C’est grâce à cette molécule que la plante est capable de réaliser la photosynthèse, c'est à dire la préparation de glucose (le carburant de la plante) à partir de molécules organiques simples (eau et dioxyde de carbone) sous l’action de la lumière visible.
La chlorophylle est contenue dans les chloroplastes, de minuscules organites situés à l'intérieur de chacune des cellules d'une plante verte, essentiellement dans les feuilles.
La chlorophylle a été tout d’abord isolée par les chimistes Français Pelletier et Caventou qui lui ont donné son nom en référence à la couleur verte (chloro) des feuilles (phylle). Elle a longtemps passionné les chercheurs, comme le prouve les travaux de célèbres chimistes : Berzelius, Frémy, Willstätter pour ne citer qu’eux…
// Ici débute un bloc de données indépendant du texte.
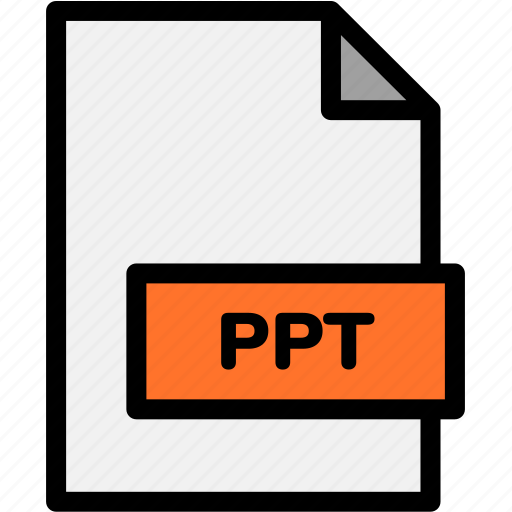 Extension, file, file format, file formats, format, ppt, type icon - Download on Iconfinder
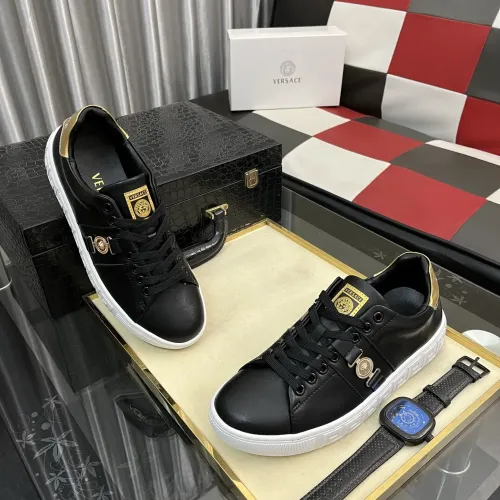 Replica Versace Casual Shoes For Men #1392487 $76.00 USD for Wholesale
Ce que l’on nomme couramment chlorophylle est en réalité un mélange de plusieurs molécules de structures chimiques très proches. On distingue ainsi les chlorophylles a, b, c et d ainsi que quelques dérivés apparentés. Les chlorophylles a et b sont les plus abondantes chez les plantes supérieures et algues vertes, en proportions variables suivant l’espèce. Les chlorophylles c et d sont plutôt présentes chez les algues brunes et cyanobactéries.
Les chlorophylles sont des molécules dont le squelette de base est celui d'un noyau de chlorine (un dérivé de la famille des porphyrines) au centre duquel est fixé (complexé) un ion magnésium Mg2+ grâce aux doublets non-liants des atomes d'azote. À la périphérie du noyau se trouve une chaîne carbonée. Les chlorophylles a et b ne diffèrent que d’un groupement chimique (méthyle -CH3 pour la chlorophylle a et aldéhyde -CHO pour la b) sur le noyau de chlorine.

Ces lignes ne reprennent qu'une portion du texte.